Sunday, 1 July 2012

Un anno e' passato / One year is gone

    Un anno e' passato, ma fa ancora male. Fa male rimembrare cio' che e' stato, mi affonda nella tristezza. Non c'e' rabbia ad aiutarmi, non c'e' niente per cui essere arrabbiato. Non posso accusare a vuoto, caricare di colpe che piu' che altro sono mie. C'e' solo il rimpianto per la mia incapacita', o per la sfortuna che mi e' toccata. Pensieri che in solitudine mi si presentano silenziosi, la coscienza di un fato che non si e' abbattuto come una scure, ma che e' arrivato come il semplice click di un paio di forbici. Sufficiente a recidere quell' esile legame che unisce due persone, e lascia volar via una delle due come un palloncino nel cielo.
    Prego che quel palloncino raggiunga luoghi migliori, mentre io, le radici affondate nelle mie convinzioni tradite, sempre piu' stanco, rimango a chiedermi quali siano le possibilita' di raggiungere una felicita' terrena, ora che la serenita' e' scomparsa, che tutti i progetti non sono piu' focalizzati su me stesso, ma proiettati al bene di qualcun altro. E perche' non consumarsi, allora, consungersi negli oscuri propositi che mi rimangono? Quali effettive speranze ci sono di completare qualcosa prima che la sabbia si esaurisca, prima che l'ultimo rintocco  si spenga? Quanto dista la fine del labirinto?
    Nel continuo rinnovamento, nell'infinito ringiovanimento del creato, che torna a nuova vita dalla decadenza di cio' che e' stato prima, come un verme che nutrendosi di un cadavere genera la mosca, come un bosco che si nutre di cio' che marcisce sul suo suolo, nulla piu' possiede colori brillanti al mio sguardo. C'e' ruggine su quelle forbici, le lame non sono piu' affilate. La carie corrode il legno vivo dell'abero che sorregge i reami del creato, le sue radici sono affondate nella melma dei millenni. Cio' che abbiamo mandato nel buio ci fa visita nei sogni e l'insonnia ci protegge da noi stessi, uccidendoci piano piano nel farlo. Una assordante musica di chitarra elettrica riempie lo spazio nella mia mente, solo un vortice di emozioni confuse e pensieri frantumati, mentre uno specchio infranto mi rimanda la mia vera immagine disfatta e rimontata, un caos da cui trarre l'ordine, per poi trasformare l'ordine nel caos ancora. Giorno dopo giorno, ognuno uguale ed ognuno diverso, ognuno col suo affanno, il tempo non si affatica ed avra' la sua vittoria su ognuno di noi.
    Io forse mi sono gia' arreso. Arrivare alla fine del sentiero, ecco cosa mi rimane.

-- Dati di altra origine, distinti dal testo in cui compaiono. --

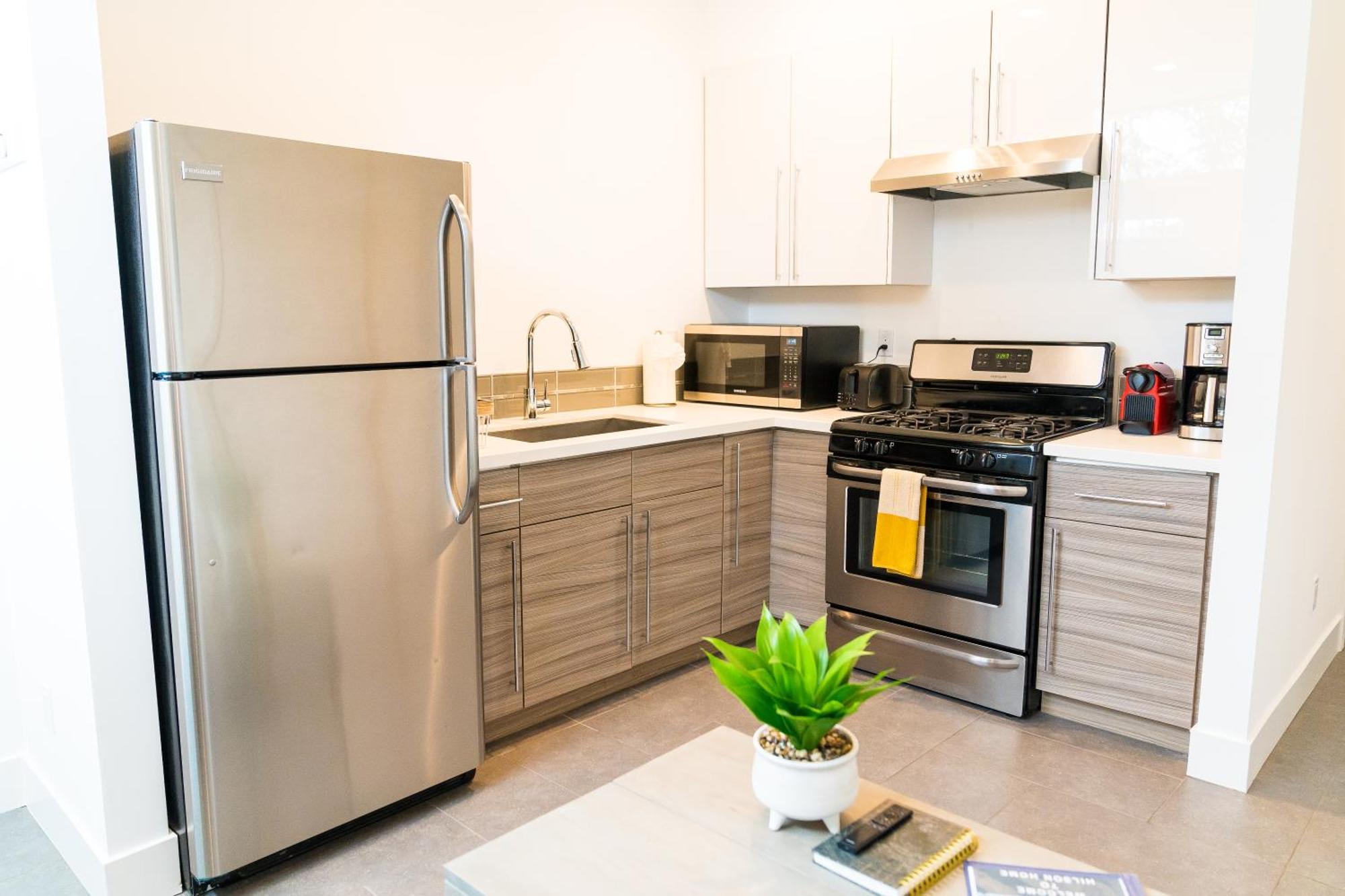 Explore Free Parking & Walk To Light Rail - New Listing & Abnb Superhost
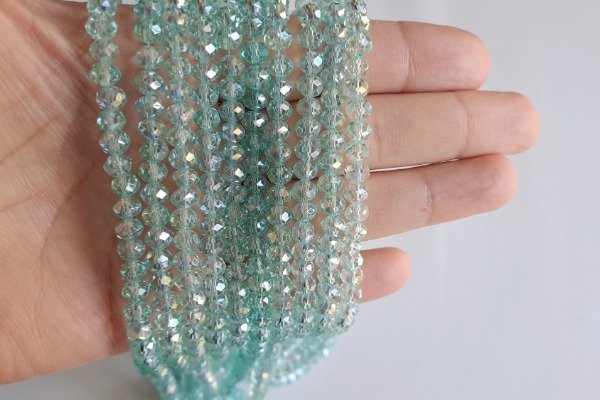 Producto - Cristal de Roca Verde Agua Traslúcido 6 mm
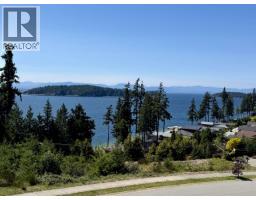 5962-5964 BARNACLE STREET, Sechelt, British Columbia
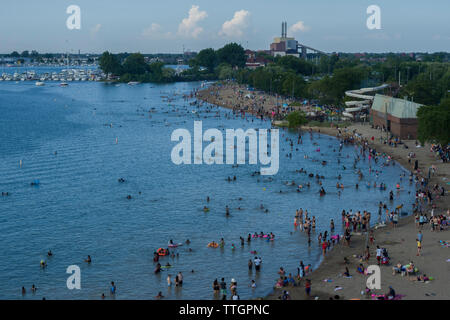 Plage, l'été, 4 juillet foule, Belle Isle, de la rivière Detroit, Michigan Banque D'Images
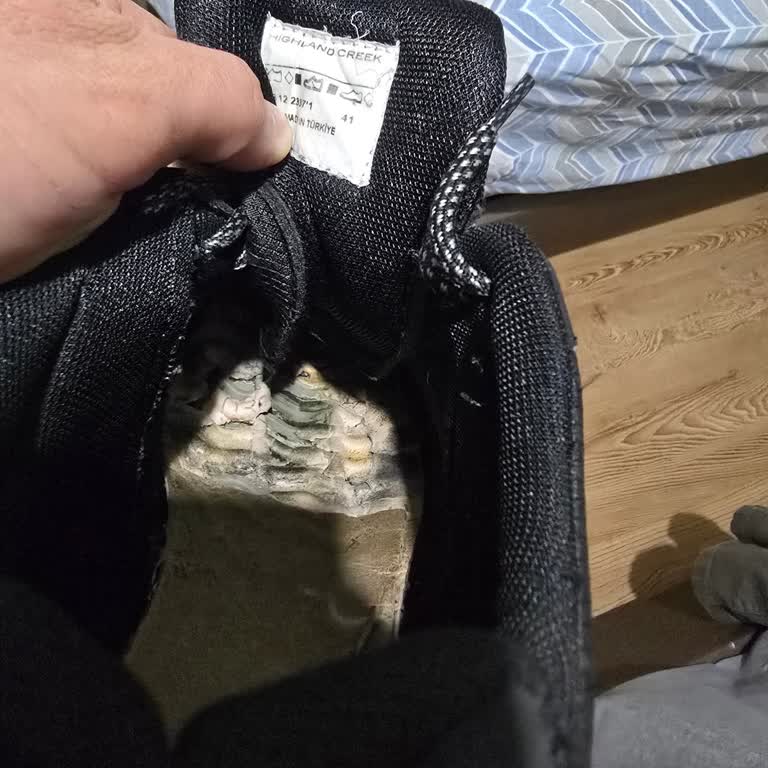 Deichmann Ayakkabısında Erken Çökme, Üretim Hatası Reddedildi - Değişim Talebi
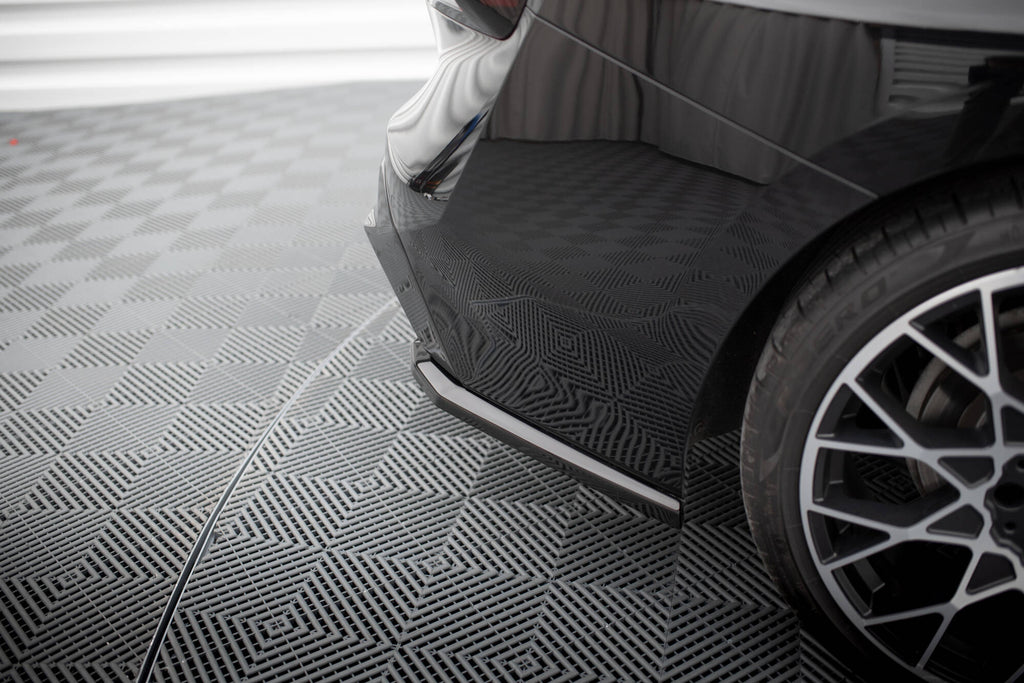 Maxton Design Heck Ansatz Flaps Diffusor V.3 passend für BMW 2 G42 schwarz Hochglanz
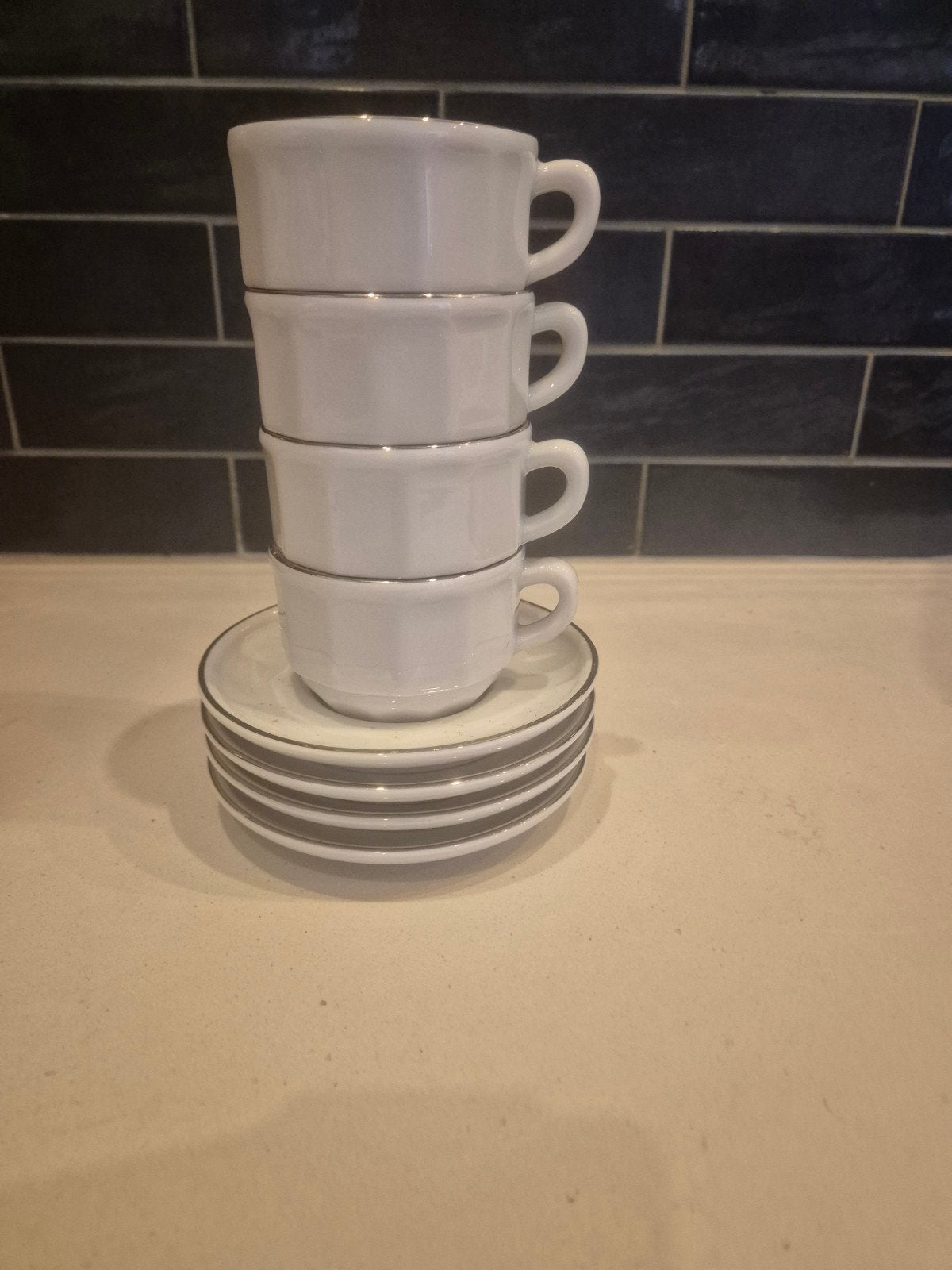 Set van 4 witte kopjes en schotels met zilveren rand, Huis en Inrichting, Keuken | Servies, Gebruikt, Klassiek, Ophalen of Verzenden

    One year is gone, but it's still painful. It's a pain to remind what it was. It sinks me into the sadness. There's no anger to help me, there's nothing to be angry. I can't blame for nothing, to charge someone of faults that are mine. There's just the regret to was no able, or for misfortune which I had. Thoughts which silent come to me in my solitude, consciousness about a fate which didn't beat down like a axe, but that is arrived like a simple scissors click. Enough to cut that faint string which links two people, and lets one of them to fly into the sky like a coloured balloon.
   I pray that balloon will reach better places, while I, my roots into my betrayed convictions, even more tired, ask to myself which are possibilities to reach a earthly happiness now that serenity is gone, now that I have no projects about myself but just for someone else good. Why not wear off? Why not wear off in my darkness purposes which remain to me? Which real hopes have I to complete something before sand runs out, before the last toll faints? How much far is the end of the labyrinth?
    In the continuous renewal, in the endless rejuvenation of creation, which comes back to new life from decay of what has been before, like a warm which turns in fly feeding itself with a corp, like a wood which feed itself with what is rotting on the ground, nothing has bright colours to me. Scissors are rusty, blades are not sharp. Decay eats the living wood of the tree which holds the creation realms, its roots are into millennia sludge. That we send into the gloom visits us in our dreams and insomnia shield us from ourself, killing us slowly. A deafening electric guitar music fields the space in my mind, only a confused feelings vortex and shattered thoughts, while a shattered mirror shows my real figure, unmade and remade, a chaos which gains order from, to change the order in chaos again. Day by day, every one the same and every one different, every one whit its own worry, the time doesn't get tired and will has its victory on every one of us.
    I just surrendered, maybe. To arrive at the end of the path, that is what remains to me.